I see two important benefits from Patterns:

1\. As a (partial) replacement for experience. I've been doing this for 20+
years, and I'd encountered most of it at some point before reading the book,
so it's not essential in this respect. But someone just starting out could
assimilate directly a chunk of what I had to figure out on my own. And even
for someone with more experience, it standardizes the details of the pattern,
leading to greater consistency in the software.

2\. To provide a common vocabulary amongst developers. When discussing a
design with someone who's read the book, I can say "I think we can solve that
by using the strategy pattern", and they'll know what I mean. Without this
common vocabulary we'd spend a lot more time explaining, and at greater risk
of being misunderstood.

 _is there a difference between "programmer" and "software engineer?_

This is just my philosophy, but I think that computer programming _in itself_
is a simple activity, you could teach 'most anybody to write a program -- and
that's the reason that so much software sucks. When done correctly it's an
engineering discipline, including analysis, modeling, planning, documenting,
and a certain degree of programming.
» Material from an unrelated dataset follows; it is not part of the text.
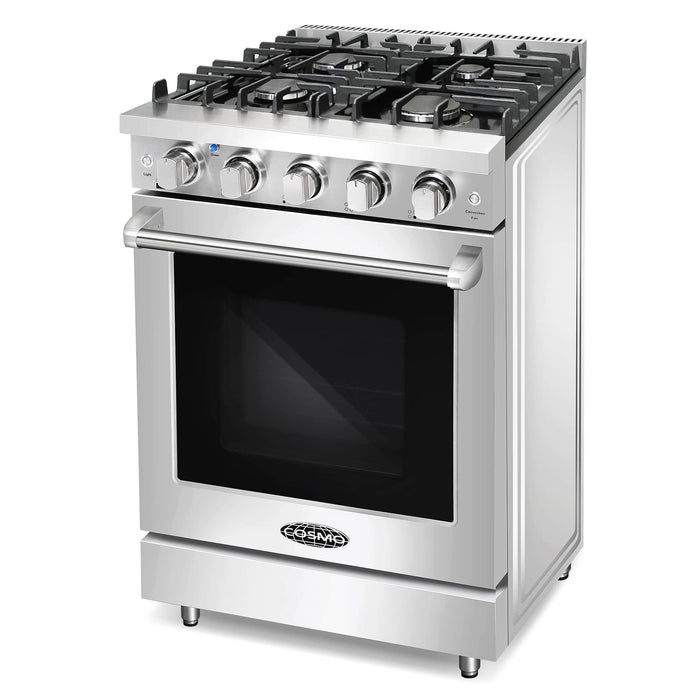 Cosmo 24-Inch Slide-In Freestanding Gas Range with 4 Sealed Burners in Stainless Steel (COS-EPGR244) Cosmo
But the actual implementation of code is
a minority of the job.

 _The way I see it, we don't even need to know OO to be a good programmer. ...
my current opinion about OO is that it mostly sucks_

Given my definition above, I'd have to agree that you don't need to know or do
OO in order to be a _programmer_. But if you aspire to the fuller job of
software engineering, it would be foolish to exclude such an important tool
from your repertoire.

Regardless of its actual merits, it's objectively true that a huge portion
(I'd think even a majority) of development tools (including platforms,
languages, IDEs, frameworks, libraries, etc.) are geared toward OO
development. Eschewing those means that you're forgoing much of the
foundational stuff that our predecessors have built for us (standing on the
shoulders of giants and all).

I'll grant that the industry in the '90s may have been a bit manic about OO.
Since then we've learned that the paradigm has weaknesses and indeed flaws.
But we do generally know what those are, and have found ways to work around
them. We understand now that C++ is (insanely) complex and rigid, and modern
OO manages to retain most of the benefits while shedding those problems. The
contemporary dynamic languages build on a foundation of OO development while
avoiding many of its pitfalls (at the low level at least). And what I think of
as the cutting edge, the dynamic languages, seem to have found a way to
deliver their benefit while generally coexisting with the OO paradigm. Which,
of course, ties back to what I said earlier about keeping your toolbox full
for whatever can best solve a problem.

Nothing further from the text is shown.